Japanese Architect Tadao Ando Designs Chicago’s Newest Art Space
The first thing that comes to mind when thinking of Japanese architect Tadao Ando is his graceful use of concrete, on display at the new 152 Elizabeth Street building in Manhattan. But the Pritzker Prize laureate has also proven adept at transforming historic structures, including a pair of Venetian landmarks for collector François Pinault (the Palazzo Grassi and Punta della Dogana contemporary art museums). For the architect’s latest project, he’s turning a stately 1920s apartment house in Chicago’s Lincoln Park neighborhood into into a cutting-edge art space.

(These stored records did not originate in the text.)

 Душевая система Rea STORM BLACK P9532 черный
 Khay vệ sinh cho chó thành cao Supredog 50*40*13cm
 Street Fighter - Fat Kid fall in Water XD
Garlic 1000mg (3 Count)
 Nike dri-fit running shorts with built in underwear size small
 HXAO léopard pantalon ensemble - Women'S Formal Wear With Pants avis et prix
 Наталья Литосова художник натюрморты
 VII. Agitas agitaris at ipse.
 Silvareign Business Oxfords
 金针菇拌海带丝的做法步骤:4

Set to open on October 12, the private, noncollecting institution has been christened Wrightwood 659 after its address and encompasses a whopping 35,000 square feet. Ando has completely gutted the aging interior, leaving exposed brick but adding his signature concrete floors, staircases, and large expanses of glass to usher in light. Founded by Fred Eychaner—the media mogul and philanthropist behind Alphawood Exhibitions—and architectural historian Dan Whittaker, the museum aims to foster a socially engaged dialogue around art and architecture. It will be open to the public by appointment only.
Leading the Wrightwood 659 team is Lisa Cavanaugh, who brings 30 years of experience from her time at Christie’s, most recently in the role of managing director for the firm’s Chicago and Houston offices.

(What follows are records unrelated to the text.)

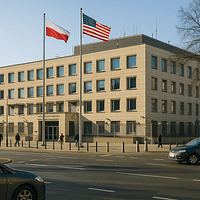 Виза в США в Польше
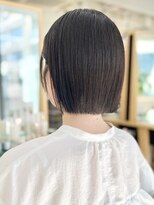 ネオリーブ クーロ(Neolive curro)&nbsp;小顔タッセルボブ×美髪[ぱつっとボブ/縮毛矯正/横浜韓国]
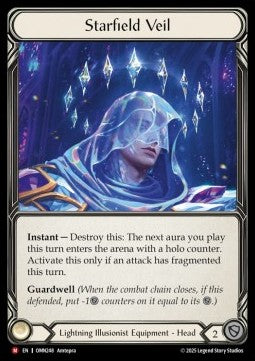 Starfield Veil (Cold Foil) - Omens of the Third Age (Majestic) [OMN-248]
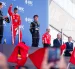 Lewis Hamilton celebró en el Gran Premio de Barcelona-Cataluña.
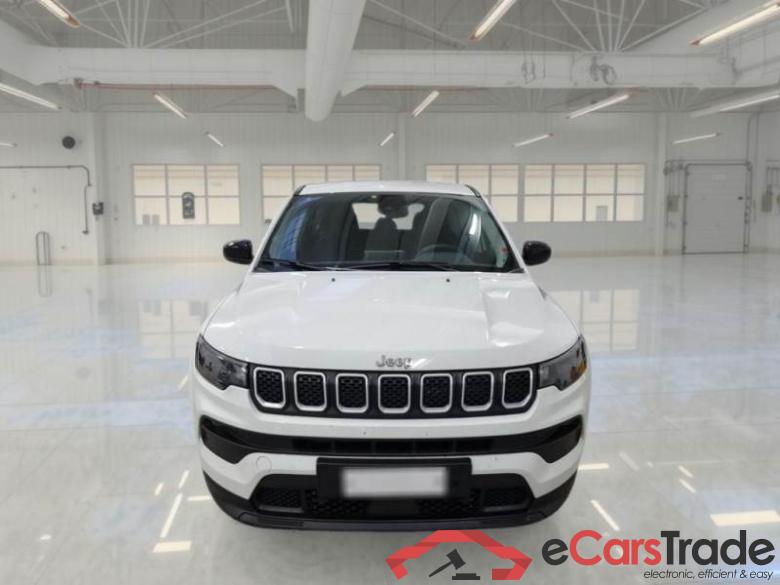 JEEP COMPASS / 2021 / 5P / SUV 1.3 TURBO T4 96KW LONGITUDE #6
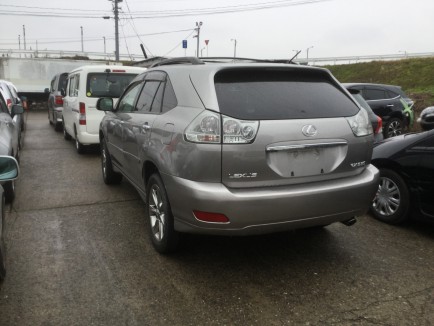 LEXUS RX350 GSU36 2007
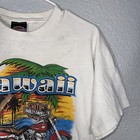 Harley Davidson Maui Hawaii 90s Single Stitch T-shirt Large White Rk Stratman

The building’s inaugural show, which runs through December 15, will be an exhibition examining the work of the legendary Swiss-French architect Le Corbusier, who died in 1965, and its impact on Ando, who founded his own practice shortly thereafter. Titled “Ando and Le Corbusier: Masters of Architecture,” the show will occupy three of the building’s five floors, showcasing maquettes, furnishings, and even paintings by Corbusier, known for his lyrical use of reinforced concrete.

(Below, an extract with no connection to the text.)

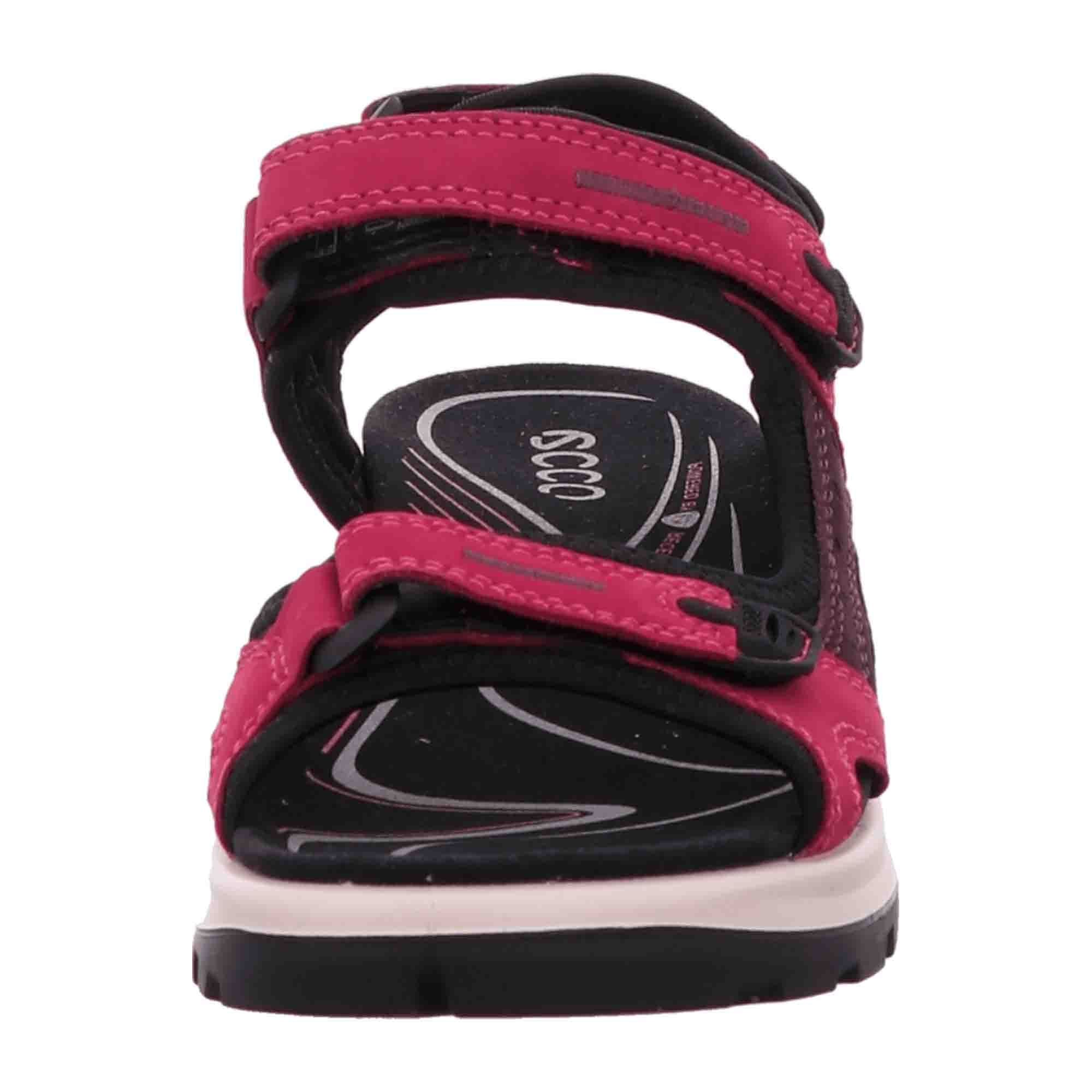 ECCO Women's OFFROAD Adjustable Sandals - Vibrant Red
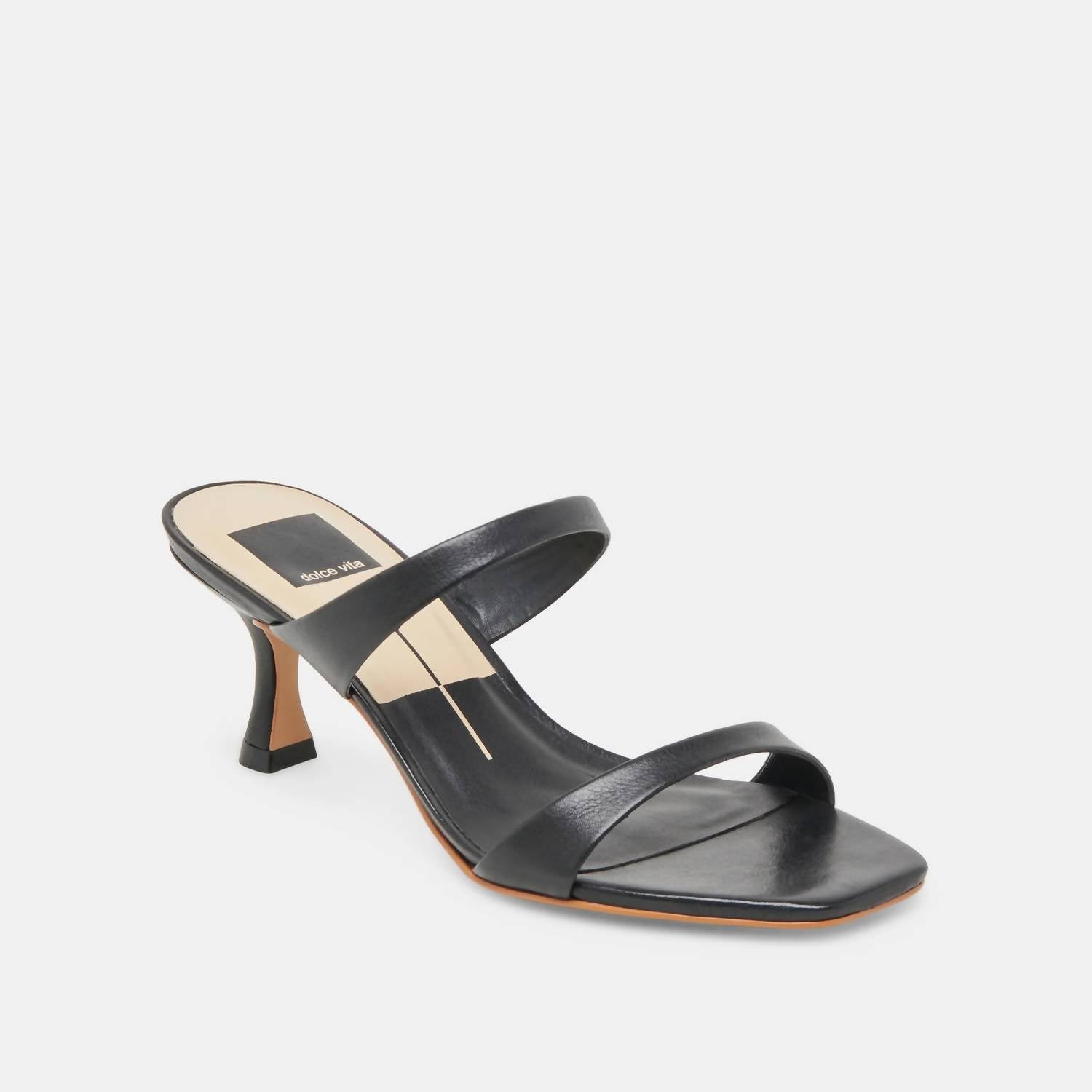 Dolce Vita Women's Genora Heels in black 2 - women's heels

One highlight is a series of around 100 architectural models of Corbusier’s buildings created by students of Ando. Elsewhere, there are rooms devoted to some of Ando’s most significant work, including models and drawings of the Benesse Art Site on the Japanese island of Naoshima.
After that, founder Fred Eychaner’s active role in the LGBTQ movement inspires an exhibition dedicated to the 50th anniversary of the Stonewall riots, which is slated to open in June 2019. A solo show of Japanese painter Tetsuya Ishida, organized in collaboration with Madrid’s Museo Reina Sofia, will follow in the fall. The team is currently busy putting the finishing touches on what is sure to be a must-visit art space.
Jim McDonough, the executive director of Alphawood, sums it up best: “The intention is to provide a contemplative, quiet, and meaningful experience for the public to think about, and be inspired by, the shows that are being presented.”
“Ando and Le Corbusier: Masters of Architecture” runs from October 12 through December 15 at Wrightwood 659.